So I like bread. There’s nothing more comforting than warm, freshly baked bread or pastries on a chilly evening, but usually my bread consumption is limited to a nice restaurant dinner or on a sandwich at lunchtime. But bread as a fixture on the dining table is not a part of my daily mealtime routine. Not so in Europe. There’s bread for breakfast, lunch, and dinner. Desserts are often made of bread or and snacks are sandwiched between bread too. So. Much. Bread.
When the free breakfast of a small baguette and croissant was served at my Paris hostel last year, I overheard a girl at the next table say,
“And so my European all-carb diet continues.”

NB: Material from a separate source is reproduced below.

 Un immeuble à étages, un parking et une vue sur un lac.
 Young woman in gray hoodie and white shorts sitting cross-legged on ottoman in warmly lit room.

The all-carb diet appeared again earlier this month in Spain. Good thing there’s so much walking in European cities, burns all the carbs. Sweden and Germany boasted some breads pretty much unlike anything I’d ever tasted before. At the Berliner Gauklerfest, I tried langos, which is actually a Hungarian fried bread that comes with different toppings. I ordered mine with olive oil, salt, and chili peppers. It was savory and delicious.
In Sweden, the bread baskets were more diverse than other places I’ve visited. There was knäckebröd, which is a crisp bread that reminded me of crackers, along with breadsticks. But it was the kavring, a type of rye bread that’s both sweet and savory, that I fell in love with.
Even though I was sharing a table and a bread basket with a couple on a date (a story for another time), I shamelessly ate ALL the kavring in the basket. It was that good. My waitress noticed, and provided me with the name of the bread. When I told her that I didn’t think I could find it in America, she encouraged me to get a recipe online and bake it myself. And guess what? I asked for a dough mixer for Christmas, and did just that. Seriously, it was that good. The next time I’m in Europe I’ll stick to eating the bread that I try and love, and skip eating bread simply because it’s on the table.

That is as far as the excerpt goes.